Solved: Does oneMKL axpy optimally tuned for Intel GPUs ?

LaurentPlagne · ‎08-21-2020

I wonder if I can improve the performance of the following snippet that I would like to use to assess the bandwidth of Intel GPUs :

#include <fstream>
#include <iostream>
#include <CL/sycl.hpp>
#include <chrono>
#include <cmath>
#include <cstring>
#include <stdio.h>
#include <iostream>
#include <random>
#include <fstream>
#include <chrono>
#include "mkl_sycl.hpp"
#include "dpc_common.hpp"


using namespace cl::sycl;
using namespace std;

constexpr size_t NITER=100; //amortize device/host communication
using Scalar=float;

template <class T>
void bench_axpy(size_t N){

  std::vector<T> a(N,1);
  std::vector<T> b(N,2);
  gpu_selector device_selector;
  queue q(device_selector, dpc_common::exception_handler);
  
  auto start=std::chrono::high_resolution_clock::now();
  {  // Begin buffer scope
    buffer buf_a(&a[0], range(N));// Create buffers using DPC++ class buffer
    buffer buf_b(&b[0], range(N));

    const T alpha=0.5;
    try{
        for (size_t iter=0; iter<NITER; iter++) {
            mkl::blas::axpy(q, N, alpha, buf_a, 1, buf_b, 1);
        }
    }
    catch(cl::sycl::exception const& e) {
        std::cout << "\t\tCaught synchronous SYCL exception during AXPY:\n"
          << e.what() << std::endl;
    }
  }
  auto end = std::chrono::high_resolution_clock::now();
  std::chrono::duration<double> elapsed_seconds = end-start;
  double time = elapsed_seconds.count();
  double GBs=double(3*N)*sizeof(T)*NITER/(time*1.e9);//2R+1W
  std::cout <<"GBs="<<GBs<<std::endl; 
}


int main(int argc, char* argv[]) {

  bench_axpy<float>(2<<27);

  return 0;
}

I compile with :

dpcpp -O3 -fsycl -std=c++17 -DMKL_ILP64 -g -DNDEBUG -lOpenCL -lsycl -lmkl_sycl -lmkl_core -lmkl_sequential -lmkl_intel_lp64 ../src/portable_main.cpp

and obtain :

GBs=23.09 on my machine with a UHD630 (and no vram).

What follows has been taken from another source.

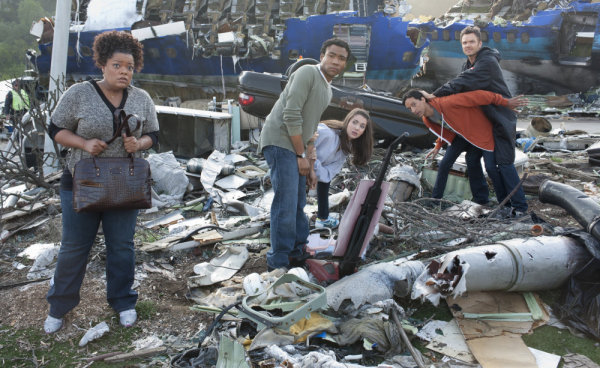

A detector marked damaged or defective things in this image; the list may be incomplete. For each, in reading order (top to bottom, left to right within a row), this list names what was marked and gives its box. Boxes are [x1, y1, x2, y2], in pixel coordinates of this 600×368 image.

crashed airplane fuselage [412, 0, 600, 95]
broken metal panel [412, 236, 592, 304]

Is it possible to improve this ?

Gennady_F_Intel · ‎08-28-2020

As we have the Beta version of oneMKL at this moment, therefore it is too earlier to speak about the “optimality of this kernel for performing axpy on every Intel GPUs…”. I think we could get back to this perf query after release timeframe.

View solution in original post

GouthamK_Intel · ‎08-24-2020

Hi,

Thanks for reaching out to us!

Since your issue is related to oneMKL, we are moving this query to the Intel® oneAPI Math Kernel Library & Intel® Math Kernel Library forum for a faster response.

Regards

Goutham

LaurentPlagne · ‎08-27-2020

No hints ?

Gennady_F_Intel · ‎08-28-2020

You could try to check the achievable bandwidth on this particular system by running a stream benchmark ( e.g. BabelStream).

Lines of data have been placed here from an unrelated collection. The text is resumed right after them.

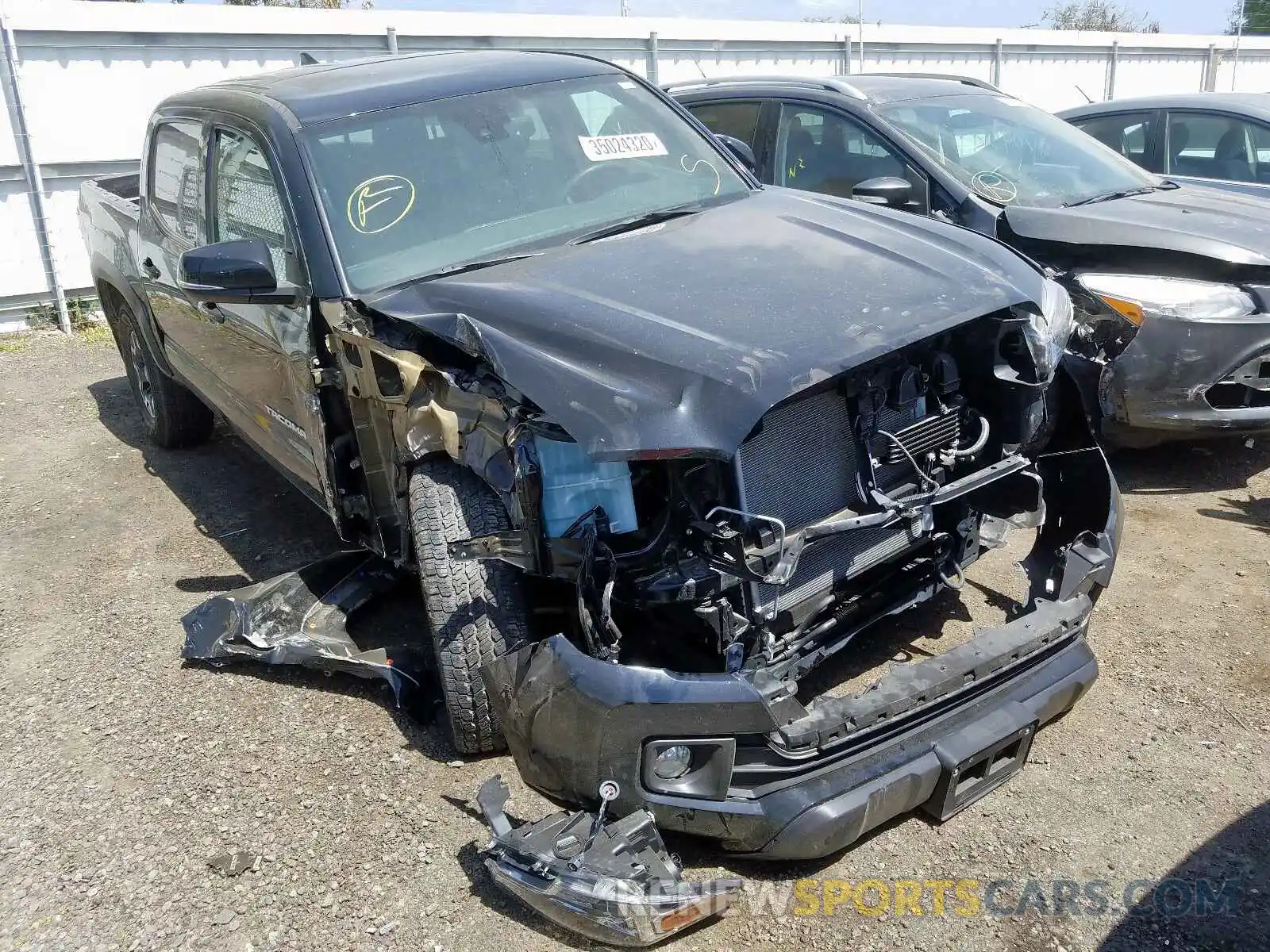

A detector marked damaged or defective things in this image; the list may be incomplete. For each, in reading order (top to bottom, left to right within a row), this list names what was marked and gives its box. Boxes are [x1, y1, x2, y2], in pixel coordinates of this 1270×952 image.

bent hood [365, 187, 1041, 460]
torn metal panel [362, 187, 1048, 460]
broken headlight housing [1022, 278, 1073, 381]
bent hood [1010, 182, 1270, 268]
broken headlight housing [1080, 274, 1257, 327]
crushed front bumper [1099, 309, 1270, 438]
damaged radiator [733, 389, 921, 619]
torn metal panel [179, 549, 413, 698]
crushed front bumper [479, 441, 1124, 857]
torn metal panel [479, 777, 743, 946]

LaurentPlagne · ‎08-28-2020

Hi, thank you very much for your answer ! I will post a stream benchmark as soon as I get my laptop back.

I suspect that in this case this kernel actually exhausts the RAM bandwidth.

My question was more about the optimality of this kernel for performing axpy on every Intel GPUs (including GPUs with VRAM).

Thank you again.

Gennady_F_Intel · ‎08-28-2020

As we have the Beta version of oneMKL at this moment, therefore it is too earlier to speak about the “optimality of this kernel for performing axpy on every Intel GPUs…”. I think we could get back to this perf query after release timeframe.

LaurentPlagne · ‎08-28-2020

Fair enough. Thank you again.